Great point. 3.Nc3 is really an attempt to prevent black from playing ...Bf5 early. Nothing to stop black from going into the regular stuff you talk about. In contrast, 3.Nf3 Nf6 4.e3 is an attempt to prevent black from into the Semi-Slav, since 4...e6 isn't as good when one of the main tactical themes of the Semi is not there (...b5-b4 attacking the knight). But of course 3.Nf3 Nf6 4.e3 allows a perfectly reasonable 4...Bf5. So it's a subtle move order question. Or it can be a "read your opponent" thing, like poker. What do you think is their Slav bread & butter.
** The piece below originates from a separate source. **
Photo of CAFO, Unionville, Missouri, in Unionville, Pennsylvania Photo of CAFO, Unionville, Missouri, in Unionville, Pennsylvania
Because at my level, I don't play too many opponents who are well prepared in many Slav lines. They usually have one.
I don't think you can prevent Black from playing ...Bf5, you can only try to make it more dubious than normal. For instance IM Alex Lenderman recommends 1.d4 d5 2.c4 c6 3.Nf3 Nf6 4.Nc3 Bf5!? for Black, and if it really works there it probably works anywhere. If White pops out with Qb3 to grab material Black just plays in gambit style, out of necessity.
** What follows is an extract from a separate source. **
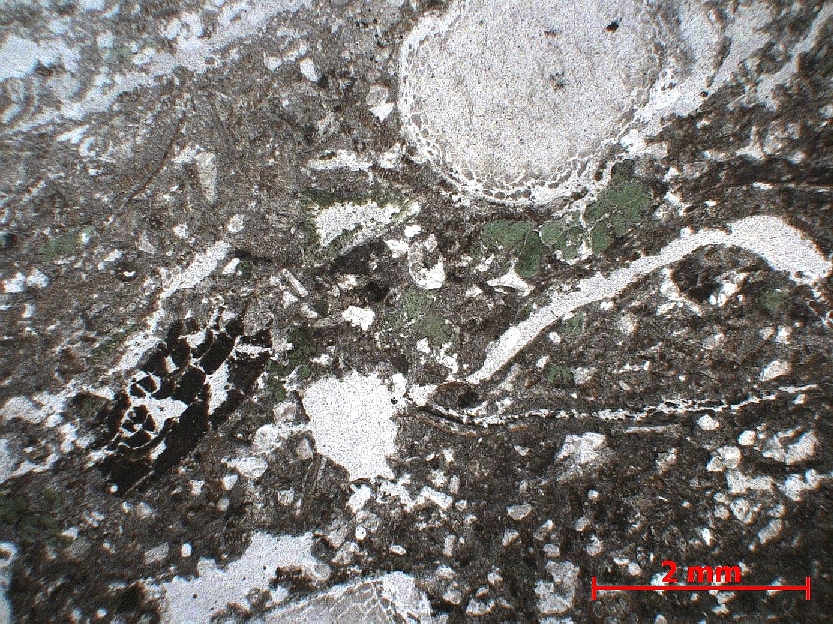  Microscope Molasse Molasse Alpes Massif des Aravis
The problem with gambits such as these is that it cannot be part of a narrow repertoire, since preparation is "easy". So it's ok as a surprise. Also, isn't black's best there ...Bc8? (Wojo)
I've looked at this line from White's perspective in the past. I concluded that Black does have decent play. If white wants to be pragmatic, he should just go 5.Nf3. Then after ...e6 (which is basically Black's only consistent move) you transpose into another main line. White secures his normal opening advantage with 6.Nh4 with well analysed play (hundreds and hundreds of GM games).
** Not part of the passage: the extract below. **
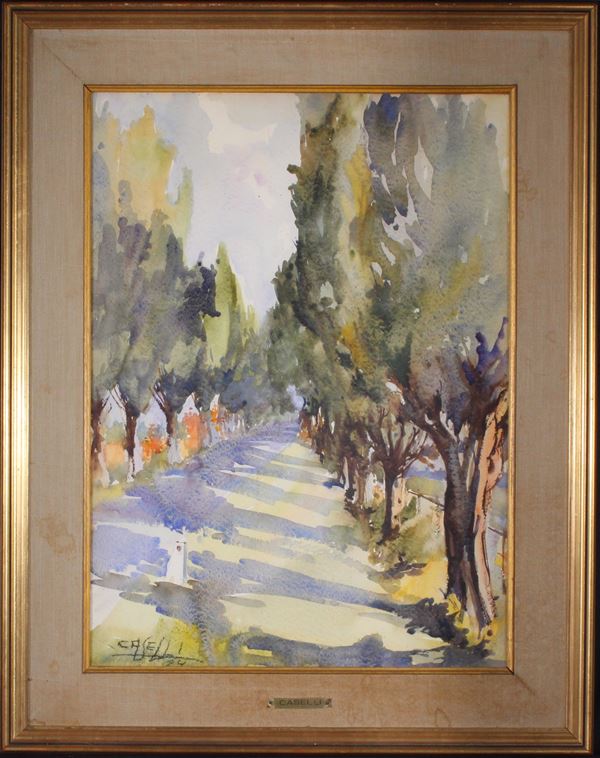 Caselli - Bolgheri - Gennaio 1974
As you've already observed, there's no point walking the tightrope of the sharp positions where white is a pawn up and needing extreme accuracy.
I'm not sure, I don't play this way for Black. ...Bc8 seems rather lame. Is the pawn structure so drawish that the extra moves Nc3+Qb3 mean nothing?
I guess it's no worse than this Petroff position where White's extra moves Be2 + Bg5 have no impact. Here though one could argue Bg5 is a negative move because it gets hit with ..h6:
I thought that White usually played 3.Nf3 to avoid 3.Nc3 dxc4. You can get this in the queen's gambit accepted as well after 1.d4 d5 2.c4 dxc4 3.Nc3 c6.
Anyway I think it's only 0.0 because an engine can see a way out for White... Is 14.b3 losing horribly to something? I don't think Black has any ...Nxf2 cheapos comming.
As far as I know, White very often plays 3. Nf3 to avoid 3. ...e5, which is sharp and annoying. The 3. Nc3 Nf6 4. e3 Bf5!? line is perfectly fine for Black (5. Qb3 is met by Qb6 and is nothing) 5. cxd5 cxd5 6. Qb3 should most likely be met by Bc8!, since I really doubt Black's compensation in this line (at our level, it's perfectly playable of course), and Black has no problems after the solid Bc8.
Yes, 3.Nf3 avoids both 3...dxc4 and 3...e5.
But 3...dxc4 isn't winning or anything for black. One could argue it's one of the easier lines to learn for white actually. 4.e4 b5 5.a4 b4 and then either Aronian's 6.Nb1 Ba6 Qc2 or Anand's 6.Nce2.
3...e5 I haven't studied much, but it doesn't _look_ like something one should be scared of.
If they're following Avrukh, they'll play 5.Nf3 a6!?, which is a new trend that has been catching on lately.